A construção de uma autêntica identidade cristã passa necessariamente pela ‘ascese’, cuja finalidade é justamente levar o cristão a passar da consciência de ser batizado à vivência da força do batismo, à vivência daquilo que já se é na graça de Deus; levar à realização histórica aquilo que se recebeu como dom: a vida nova em Cristo, a santidade!

Ascese é querer bem a si mesmo. É optar por tudo aquilo que me faz crescer como cristão. O prazer que podemos dar a Deus é o nosso próprio crescimento.
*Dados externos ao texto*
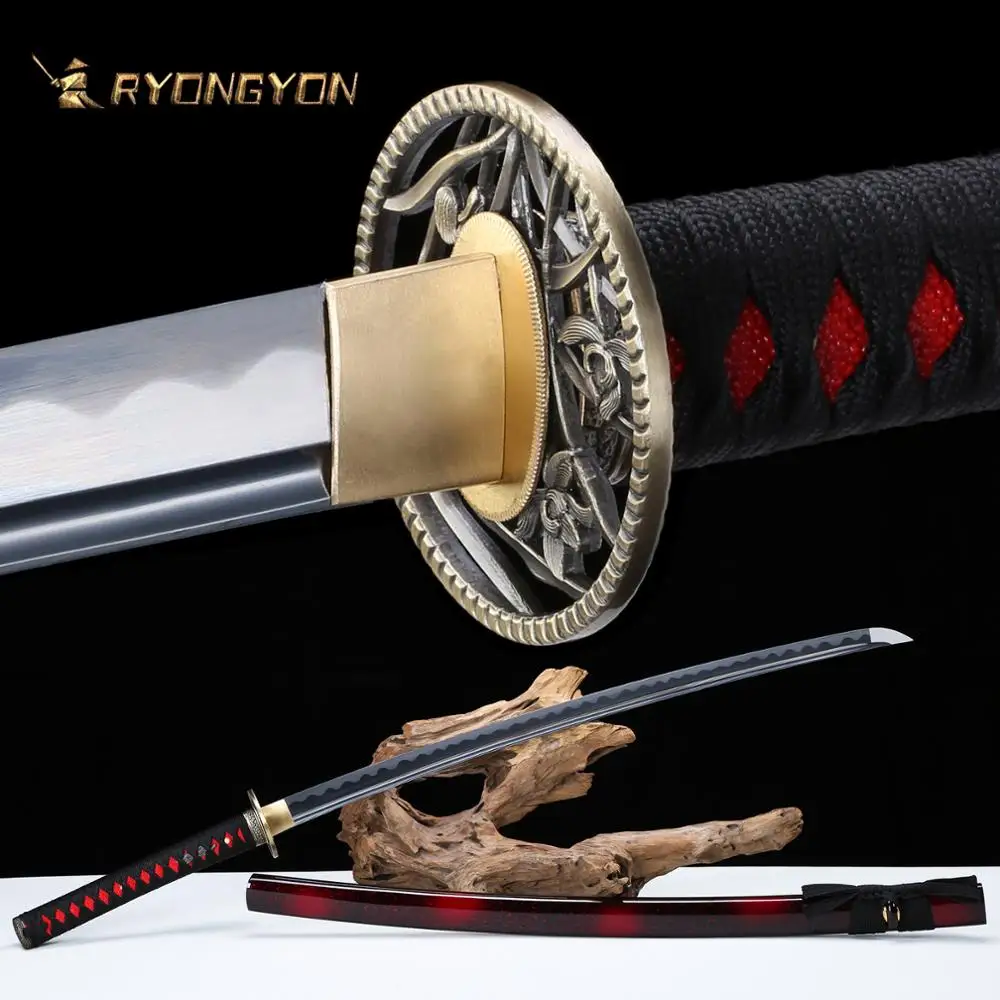RYONGYON Handmade Katana Real Sword Sharp Genuine Japanese Samurai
O que somos no plano ontológico não depende de nós, mas desenvolver todas as nossas potencialidades no plano moral, isto, sim, depende de nós, é fruto da ascese.

De modo muito prático, ascese é lutar para viver em sintonia com os valores do evangelho. Isto, sem dúvida, exige determinação e disciplina, pois lutamos contra o individualismo, a vontade de poder, o consumismo, o hedonismo, a religião de acomodação e de fuga do compromisso com o necessitado, a utilização depredatória da natureza, a coisificação das pessoas e das relações humanas, entre tantas outras tentações, que nos afligem diariamente.

Por isso mesmo, ensina, o grande místico, São João da Cruz, que somente persevera na prática ascética, aqueles que fazem uma experiência marcante do Mistério de Deus. Pois a exigência ascética é sempre precedida e motivada pelo amor a Deus, antes de qualquer renúncia ou mortificação. É sempre uma “ascese mística”. Do contrário, motivado unicamente pela renúncia, dificilmente alguém persevera no desapego ascético.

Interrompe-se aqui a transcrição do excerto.